AP is Average Precision and it is defined as the area under the Precision-Recall curve thus combining both Precision and Recall. The mean of all the AP for all the classes is called the mean Average Precision (mAP).

One-Stage Detector vs Two-Stage Detector

There are two common approaches to object detection: one-shot and two-shot detection. The two-shot approach as is clear from the name has two stages: firstly we have the model proposing a set of regions of interests by select search or regional proposal network and this is followed by the classification of those regions followed by refinement of the location prediction. Single-shot detection skips the region proposal stage and runs detection directly over a dense sampling of possible locations yielding final localization and content prediction at once. Models belonging to the R-CNN family are all region-based following the two-stage approach whereas single-shot multibox detector (SSD) and YOLO are the popular single-shot approaches.
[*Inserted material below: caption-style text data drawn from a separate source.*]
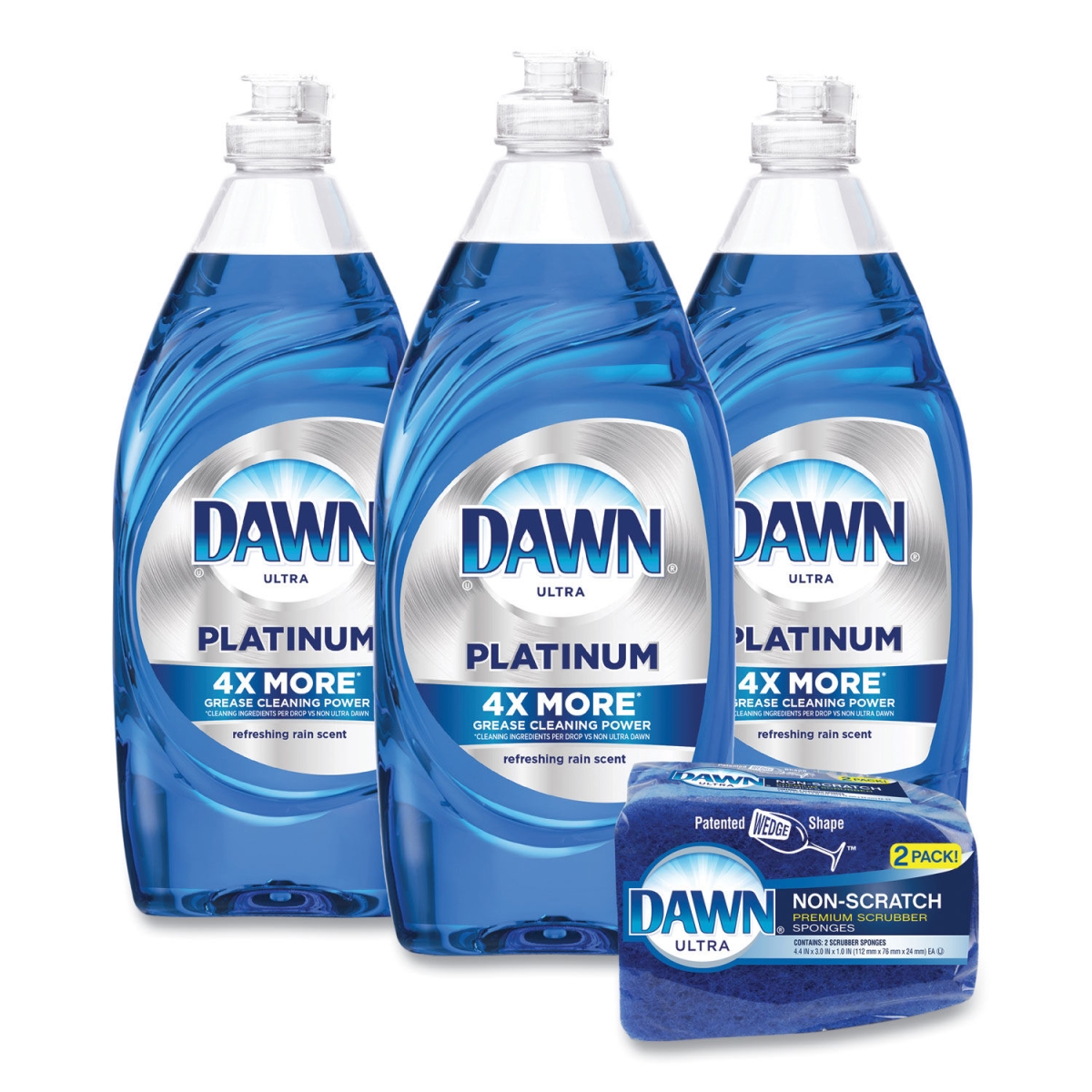 Picture of Dawn PGC49041 24 oz Refreshing Rain Scent Platinum Liquid Dish Detergent - Pack of 3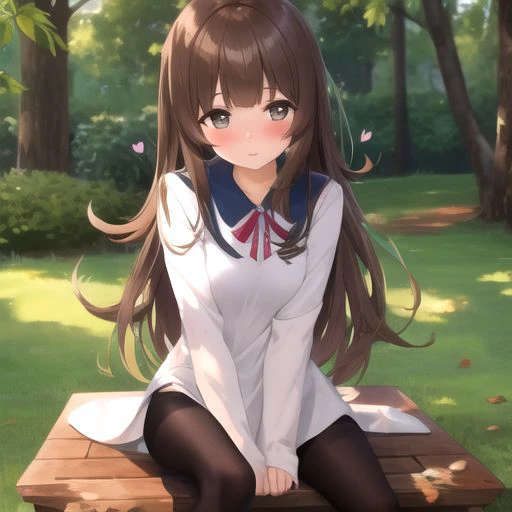 1girl, small breasts, long hair, brown hair, brown eyes, loil, blunt bangs, heart-shaped pupils, torn pantyhose, outdoor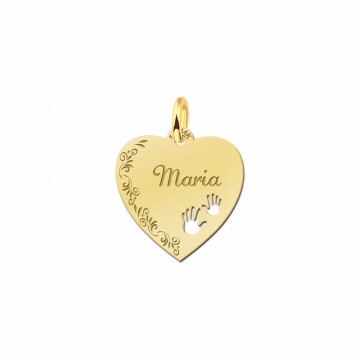 Hart met naam en bloemrand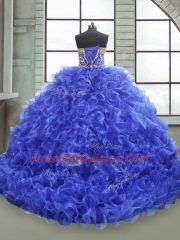 Stylish Ball Gowns Vestidos de Quinceanera Royal Blue Strapless Organza Sleeveless Floor Length Lace Up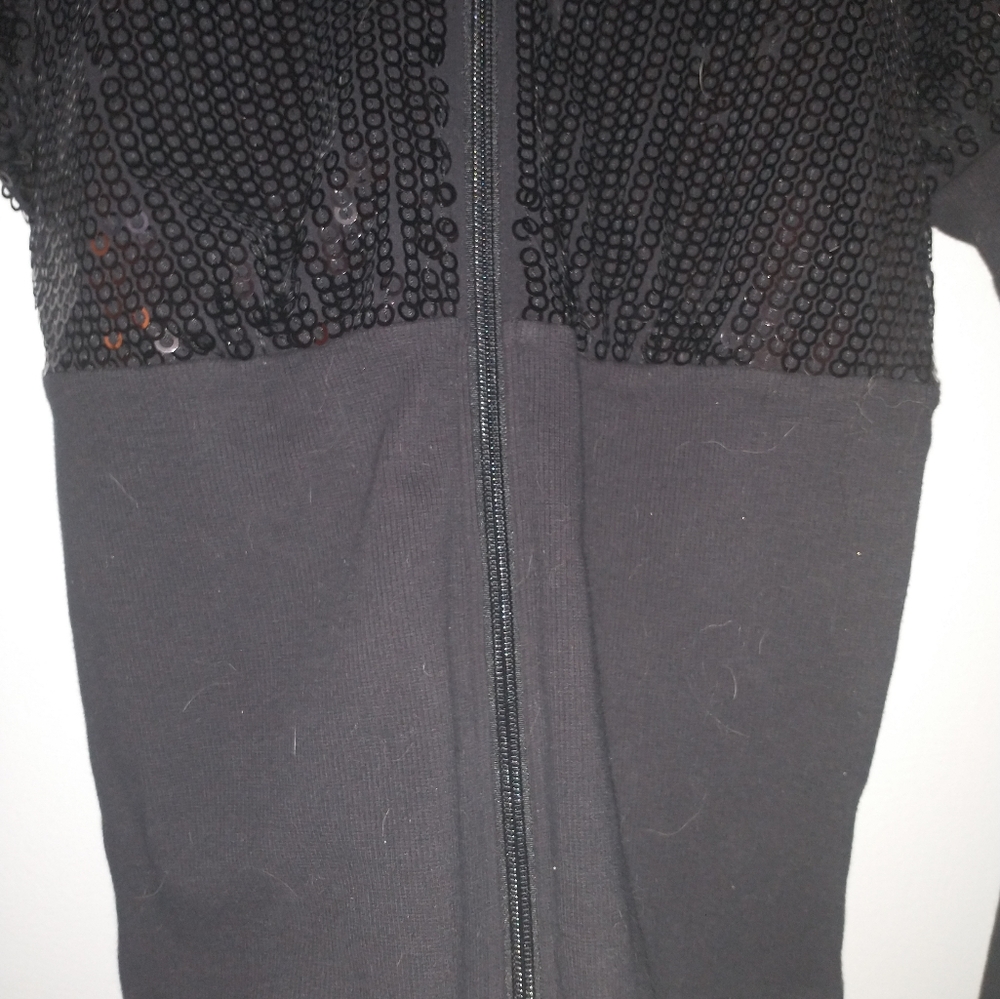 Bebe Jacket Half Sequence Zip Up Front - image 3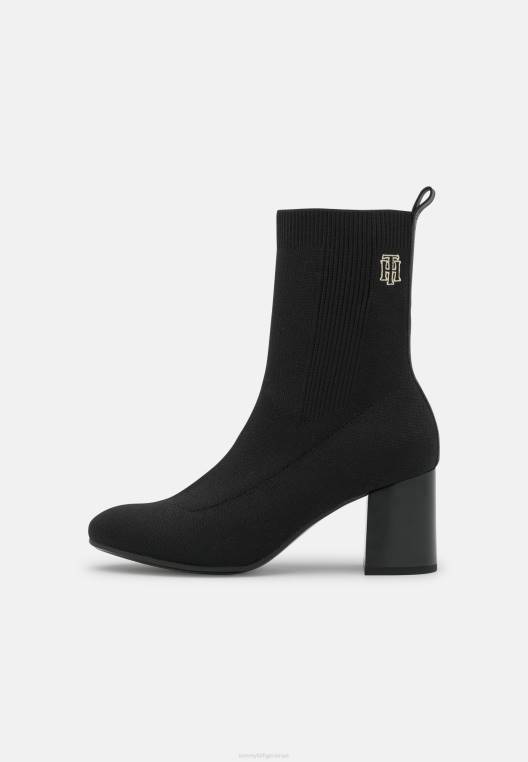 מגפוני גרב עם עקב גבוה לוגו קלאסי NX203916 שָׁחוֹר Tommy Hilfiger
Worth highlighting is R-FCN (Region-Based Fully Convolutional Networks) which is another popular two-shot meta-architecture, inspired by Faster-RCNN. It is a sort of hybrid between the single-shot and two-shot approach. In this approach, a Region Proposal Network (RPN) proposes candidate RoIs (region of interest), which are then applied on score maps. All learnable layers are convolutional and computed on the entire image. Almost all of the different proposed regions’ computation is shared. The per-RoI computational cost is negligible compared with Fast-RCNN.

Making the correct tradeoff between speed and accuracy when building a given model for a target use-case is an important decision that needs to be addressed for any deep learning model that is supposed to be deployed to production. While two-shot detection models achieve better performance, single-shot detection is in the sweet spot of performance and speed/resources. A one-shot detector trains faster and has swifter inference than a two-shot detector. Faster training allows the researcher to efficiently prototype & experiment without consuming considerable expenses for cloud computing. More importantly, the fast inference property is typically a requirement when it comes to real-time applications. As it involves less computation, it, therefore, consumes much less energy per prediction.

YOLO across generations

As mentioned above, while there are object detectors that require several passes over the image or have a two-stage pipeline, YOLO on the other hand only needs to look once at the image to detect all the objects and hence the name: You Only Look Once

NOTE: YOLOv4 and YOLOv5 are not covered due to the ongoing controversy around these.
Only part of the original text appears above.